New Hampshire has put disclaimers on its construction advertisements warning contractors that the trust fund crisis could cause a work stoppage.
The state earlier this month delayed advertising $5 million in small projects in order to save some of its federal allotment to continue projects currently under way if the collapse happens in August.
That strategy is not without risk, however, because under federal law, allotments must be spent within a certain time or they can be redistributed to other states, said Patrick McKenna, the state’s deputy transportation commissioner.
“It’s a no-win situation for every state, and regardless of the path we take . . . and we’re only going to know after the fact whether we took the right path,” McKenna said.
Like AASHTO, the American Road and Transportation Builders Association has been tracking the anxiety building in the states.
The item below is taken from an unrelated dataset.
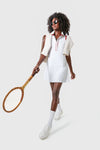 A woman in a Tnuck Sport white tennis dress and sunglasses holds a wooden racket, sweater draped over her shoulders, standing confidently.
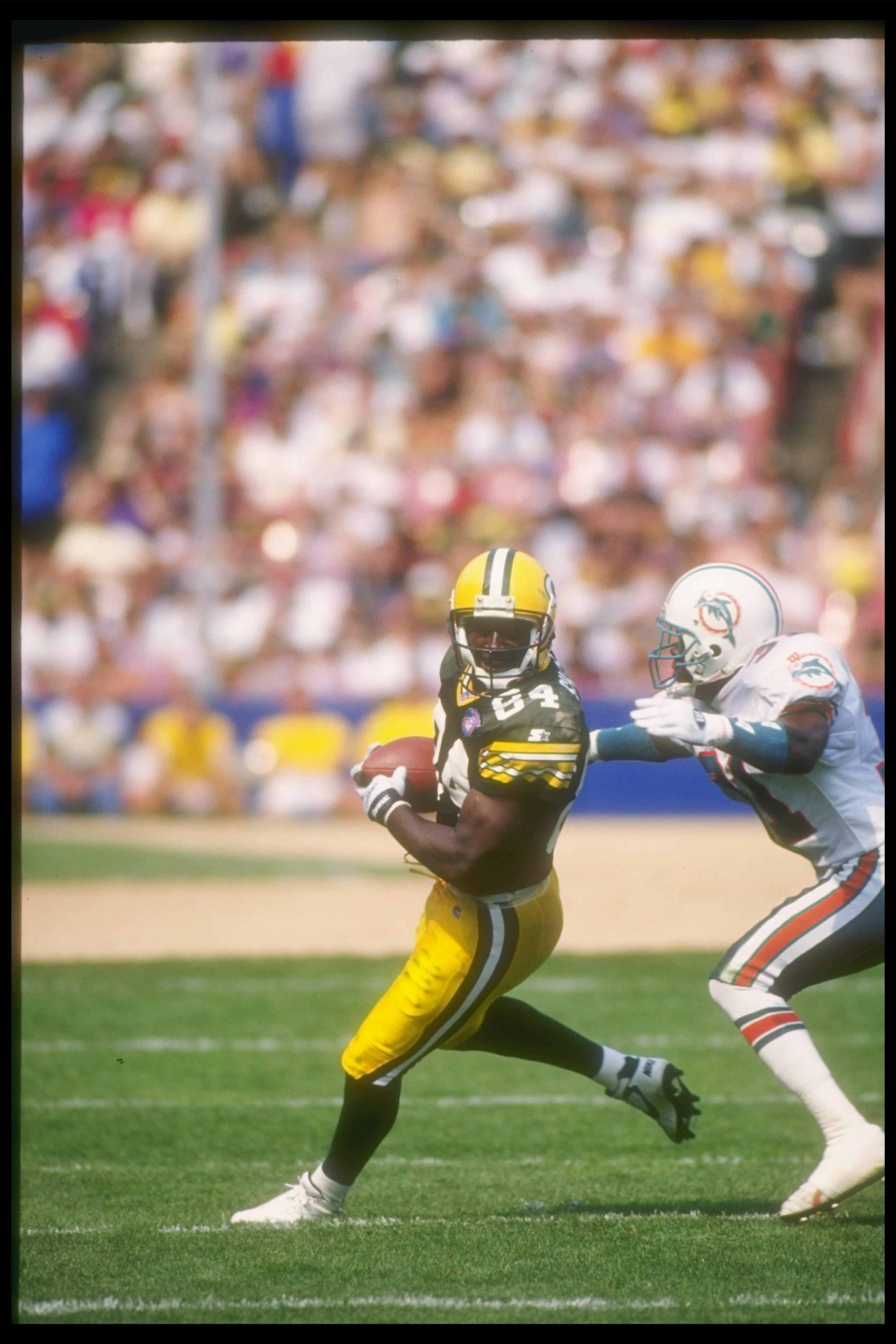 11 Sep 1994:  Wide receiver Sterling Sharpe of the Green Bay Packers  (left) moves the ball during a game against the Miami Dolphins at Milwaukee County Stadium in Milwaukee, Wisconsin.  The Dolphins won the game, 24-14. Mandatory Credit: Jonathan Daniel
ARTBA found that in the first four months of 2014, contracts for state and local government transportation projects were down — standing at $19 billion compared with $21.2 billion in the same period last year.
In addition, 27 states awarded fewer contracts for highway and bridge work this April than in April 2013, ARTBA said.
On average, federal funds account for 52% of what states spend on highways and bridges, and every $1 billion invested in highways supports 27,823 jobs, ARTBA said.
In some parts of the country, the timing of the impending crisis ramps up the anxiety.
“This is our construction season, so these guys are going gangbusters right now,” said Delaware Secretary of Transportation Shailen Bhatt.
Bhatt also said that early this year he got a $50 million line of credit from the banks intending to use it to help his department better manage cash flow.
“I never thought that it would be to float payments for missing federal funds, but if that is the case, then, that is what we’ll do,” he said.
Some states are holding their breath and proceeding with all of their projects in hopes they can outlast a disruption in reimbursements.
“For this summer construction season, specifically, all projects are currently proceeding as scheduled and planned,” said Meg Ragonese, spokeswoman for the Nevada Department of Transportation.
If the federal checks do slow or stop, Nevada will pay project invoices with its own highway money, though doing that “would severely limit our ability to program and fund the future transportation projects,” she said.
Missouri said it also believes it can weather a short crisis this summer if Congress dallies over fixing the trust fund. “If it goes on for several months, the department will have to consider delaying projects,” said Missouri Transportation Department spokeswoman Holly Dentner.
Oregon officials said they, too, believe they have enough of a cushion to keep projects going.
“We could probably last for six to eight weeks for sure; we have not really run scenarios beyond that point,” said Travis Brouwer, ODOT chief of staff.
“They absolutely need to take care of this before they leave in August or they will leave some states high and dry,” Brouwer added.
However, the immediate funding crisis is only one of two facing the trust fund and, hence, the states.
The second crisis could hit Sept. 30, when the trust fund’s authorizing legislation, MAP-21, expires. Without an extension or a new law, reimbursements will lapse.
Anticipating that possibility, Missouri, which usually adds 300 to 500 projects to its long-range state-federal funding plan each year, added only 25 this year, the state DOT said.